Desdemona (Heather Lind) and Emilia (Alison Wright) help the women take charge in Othello in Central Park (photo by Joan Marcus)

Tony-winning actor and director Santiago-Hudson (Jitney, Paradise Blue) keeps the focus on romance, particularly the deep, passionate love between Othello and Desdemona (Heather Lind), who have just gotten married against the wishes of her father, senator Brabantio (Miguel Perez), contrasting sharply with the much colder relationship between Iago and his wife, Emilia (Alison Wright). A Venetian military hero fighting the Turks, Othello has complete trust in Iago, who is out to destroy him, using and abusing his right-hand man, Roderigo (Motell Foster), in the process. Iago’s plan involves driving Othello into a jealous rage by convincing him that Desdemona is being unfaithful with Othello’s loyal lieutenant, Cassio (Babak Tafti), whose girlfriend, Bianca (Flor De Liz Perez), is no mere prostitute. In Santiago-Hudson’s vision, Desdemona, Bianca, and Emilia are strong female characters who are quick to stand up for themselves. Wright brings the house down in a late, fiery speech that gets to the heart of the truth. The excellent ensemble also includes Peter Jay Fernandez as the duke of Venice, Andrew Hovelson as Lodovico, Thomas Schall as Montano, and Peter Van Wagner as Gratiano, the cast moving through Rachel Hauck’s relatively basic but effective set, two walls with gothic archways, with a small tower on either side.
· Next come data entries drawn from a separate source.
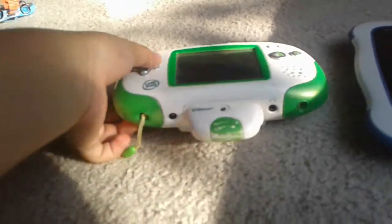Movie Maker. To activate this app, ask a grown-up to connect this tablet to Learning Lodge. That's what happens when you press Movie Maker.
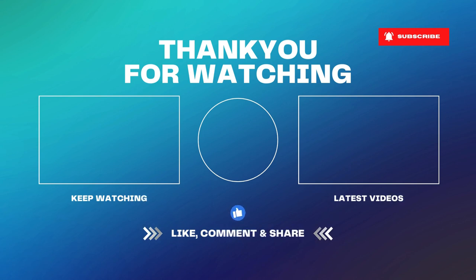Hit the bell button to get notifications as soon as I publish more videos. Feel free to leave a comment below if you have any questions regarding these products — I will be in touch with you as soon as possible.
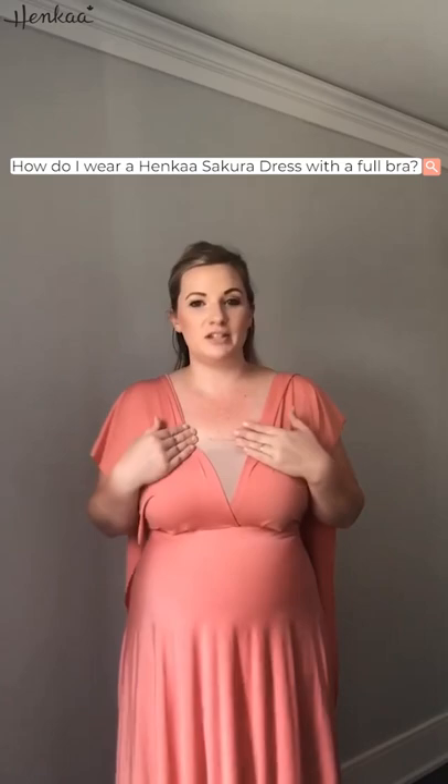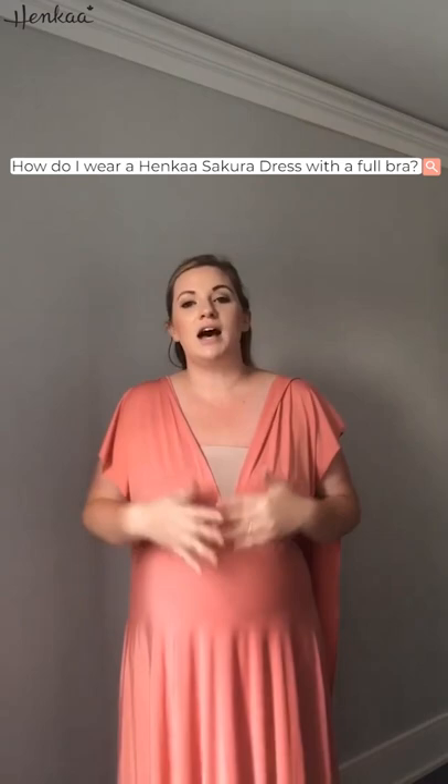We often get asked: how do I wear a sakura dress while wanting to wear a full bra? With a bandeau underneath this dress, I am wearing a full strapless bra and getting full bra coverage, which is great. You can either match it with your dress or color block it. I did the color blocking just so you can see it for the purpose of the demonstration. It gives you coverage so you can wear a bra but still do so many different styles.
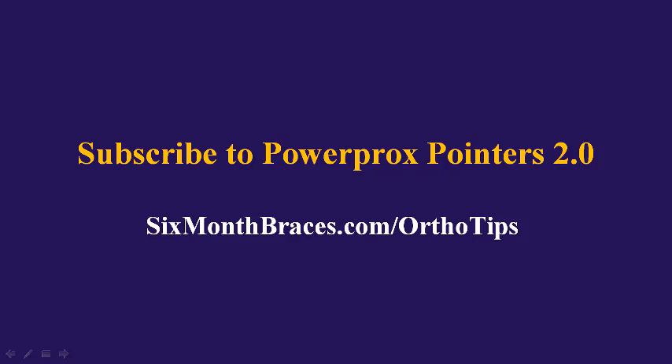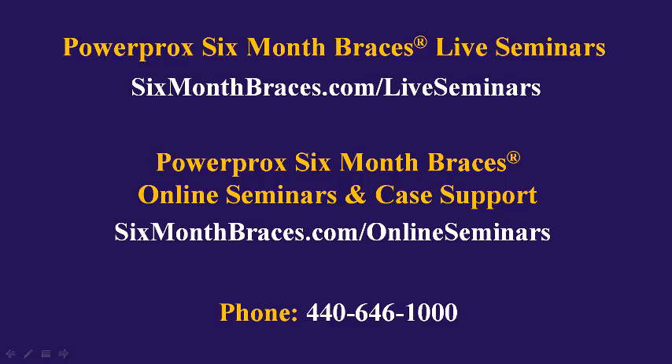To make sure you don't miss any of our power practice pointers, please subscribe at sixmonthbraces.com/orthotips. To learn more about our live seminars, visit sixmonthbraces.com/liveseminars. For unlimited case support and online seminars, visit sixmonthbraces.com/onlineseminars. You can also reach us by phone at 440-646-1000.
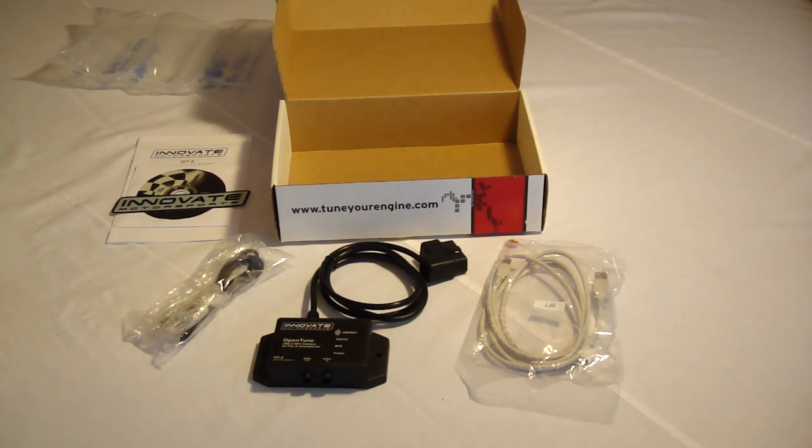I probably haven't even scratched the surface of the OT-2's capabilities, but this should give everyone a good basic overview. Once I get more in-depth and learn a little more about it, maybe I'll post up another video with some beyond-basic functions. Feel free to subscribe, as I will definitely be posting up another video in the near future demonstrating the basic usage functions inside the car. Anyways, thanks for watching, have a good one.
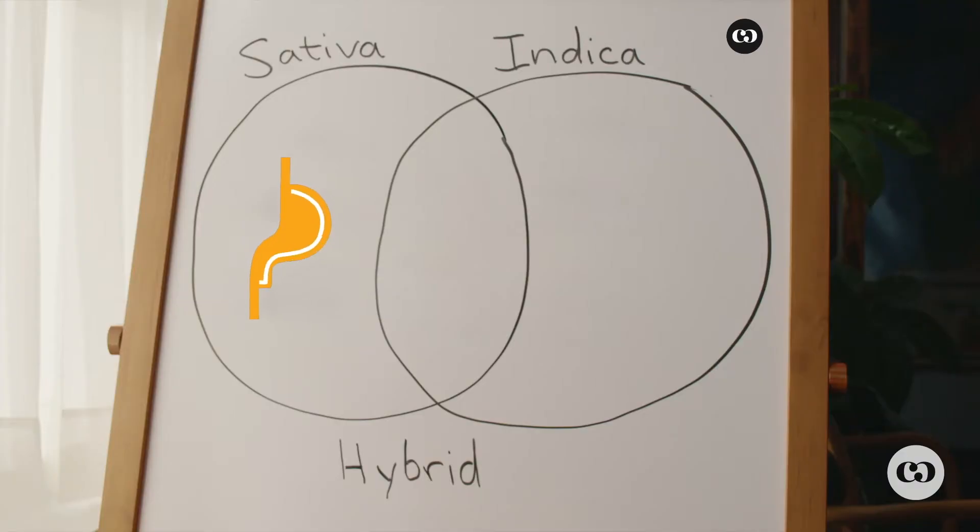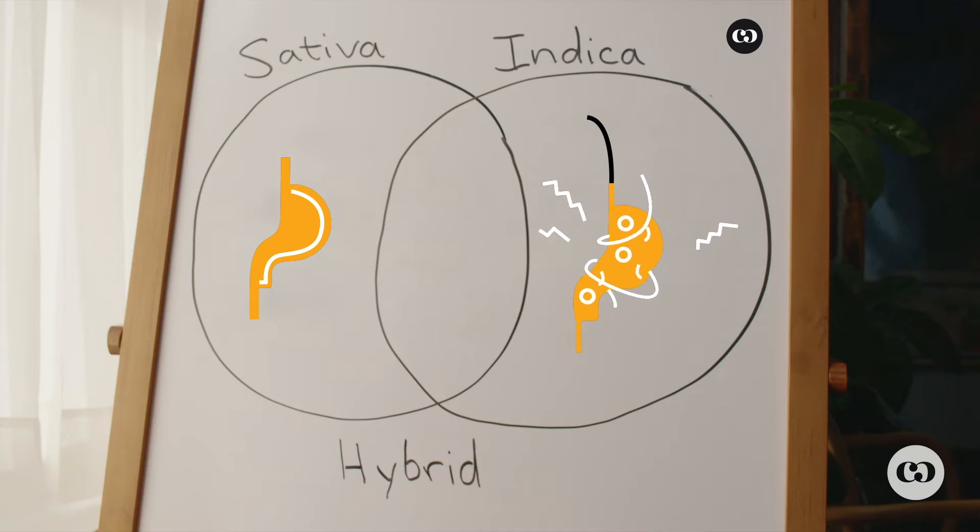Each strain can have a special effect on your appetite. Sativa doesn't make you as hungry or give you the munchies as much. Indica makes you a little bit more hungry. With a hybrid, you just kind of have a mellow appetite — definitely just a normal day; you eat when you need to.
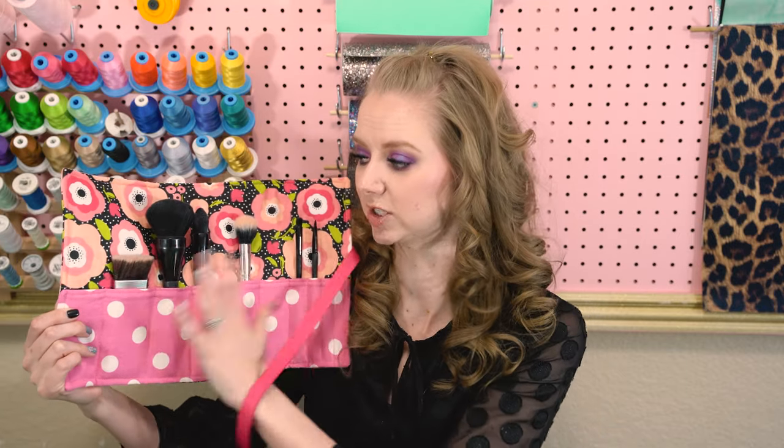Hey, Kim here from Craft Buggy. Today I'm going to be showing you how to make this makeup brush holder. I love this because it's so good for travel and even for everyday use. If you go to the gym and then go to work right after, you can just keep all your brushes here neat and organized.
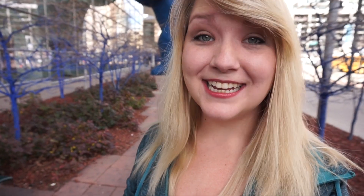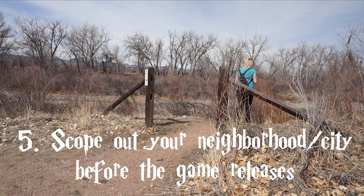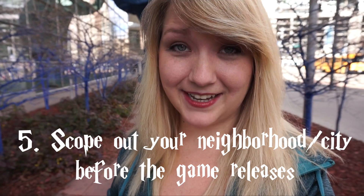The fifth and final thing you need to do to prepare for Wizards Unite is check out your local area. It's a lot of fun to just go around and explore, and the last thing you want is to accidentally end up in a dangerous area. So scout out your area and make sure that you're always aware of your surroundings, and you should be set.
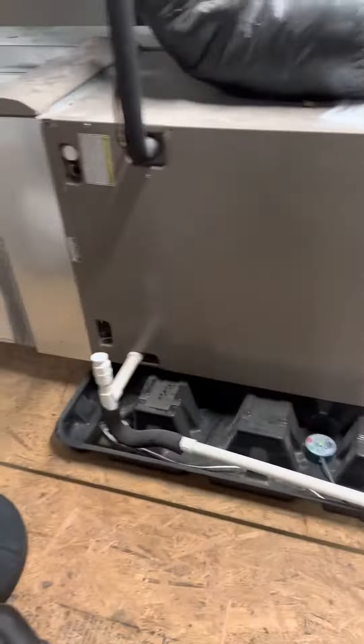You can see the PVC drain. I'm not quite sure where it goes — I think it goes to an internal drain in the basement. So basically we'll be taking the air handler out, coming back with a media filter, and then reconnecting.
Toni-Leslie James’s period costumes have a punk edge, consisting of lots of black leather and cool accessories on the men and lush gowns on the women.

(photo by Joan Marcus)

Othello (Chukwudi Iwuji) holds on tight to Desdemona (Heather Lind) as Emilia (Alison Wright) looks on in Rubin Santiago-Hudson’s stirring period version of classic Shakespeare play (photo by Joan Marcus)

“Rude am I in my speech / And little blessed with the soft phrase of peace,” Othello says early on, but in actuality Iwuji speaks Shakespeare’s words with such poetic beauty and skill that it evokes the sound of the birds singing in the trees as night falls. Iwuji and Lind (The Merchant of Venice, Incognito) are electric together; at one point Othello lifts his arm out to her and it is magical. Meanwhile Stoll (Intimate Apparel, Plenty), in his third consecutive year doing Shakespeare in the Park (following Troilus and Cressida and Julius Caesar), and Emmy nominee Wright (The Americans, Sneaky Pete) are also a dynamic pair as their characters’ marriage heads toward a giant abyss of lies. Of course, even with the concentration on romance and the emergent power of the women, as well as the undercurrent of racism that is always simmering, the success of the play ultimately relies on the chemistry between the actors playing Othello and Iago, who have previously been portrayed by such mixed-race pairs as David Oyelowo and Daniel Craig, Chiwetel Ejiofor and Ewan McGregor, Laurence Fishburne and Kenneth Branagh, Paul Robeson and José Ferrer, Jones and Christopher Plummer, and Julia and Christopher Walken. “O grace! O heaven forgive me! / O monstrous world! Take note, take note, O world: / To be direct and honest is not safe,” the conniving Iago says. “Nay, stay. Thou shouldst be honest,” the too-easily-convinced Othello replies. Iwuji and Stoll have now become part of the canon, and they well earn their place in this stirring, elegant production.